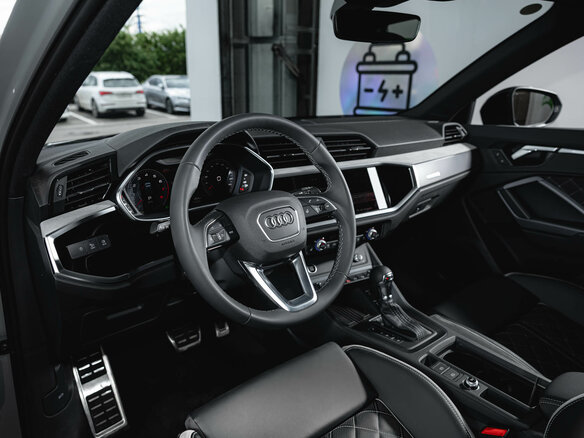 2026 Audi Q3 45 TFSI II (F3), серый, 5700000 рублей - вид 11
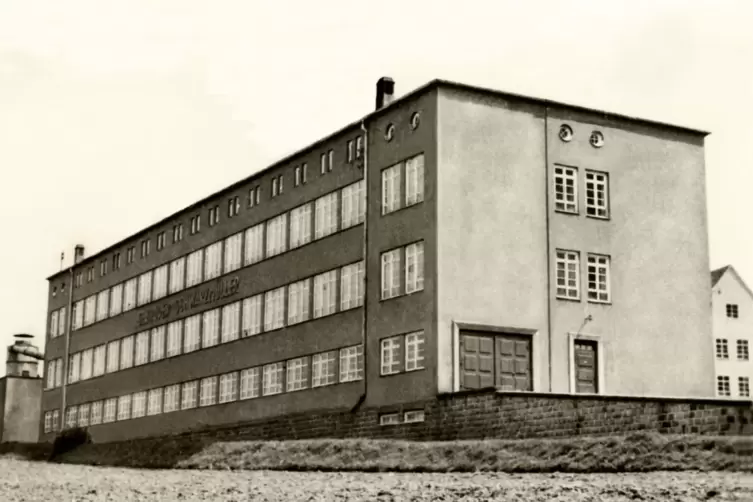 Das Geb&auml;ude des Deutschen Schuhmuseums zeigt Z&uuml;ge der Bauhausarchitektur, die mit dem Umbau noch betont wurden.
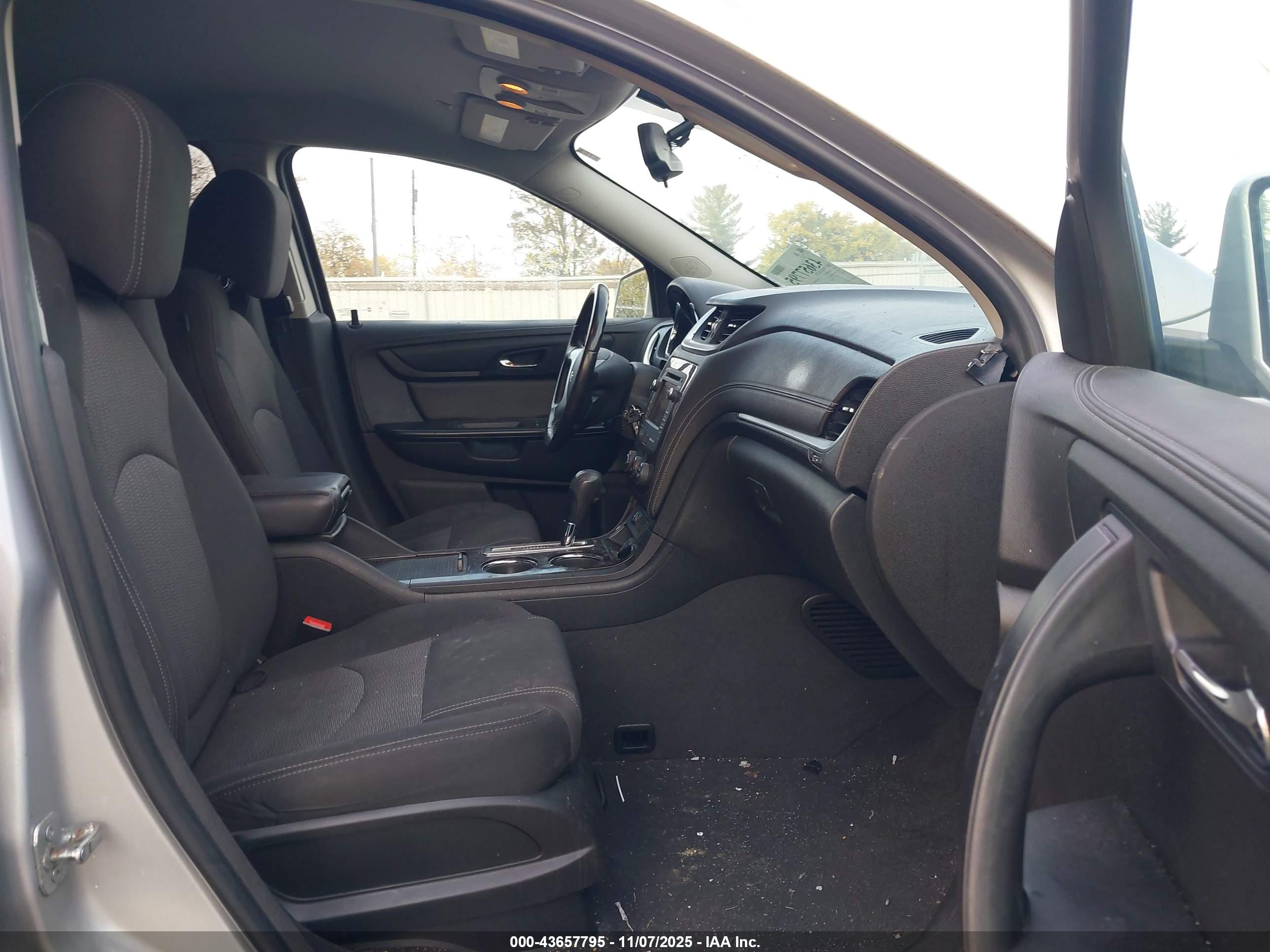 CHEVROLET TRAVERSE image 5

## Task brief:
Go through the listing above and retype it exactly, skipping every picture.

## Task result:
 2026 Audi Q3 45 TFSI II (F3), серый, 5700000 рублей - вид 11
 Das Geb&auml;ude des Deutschen Schuhmuseums zeigt Z&uuml;ge der Bauhausarchitektur, die mit dem Umbau noch betont wurden.
 CHEVROLET TRAVERSE image 5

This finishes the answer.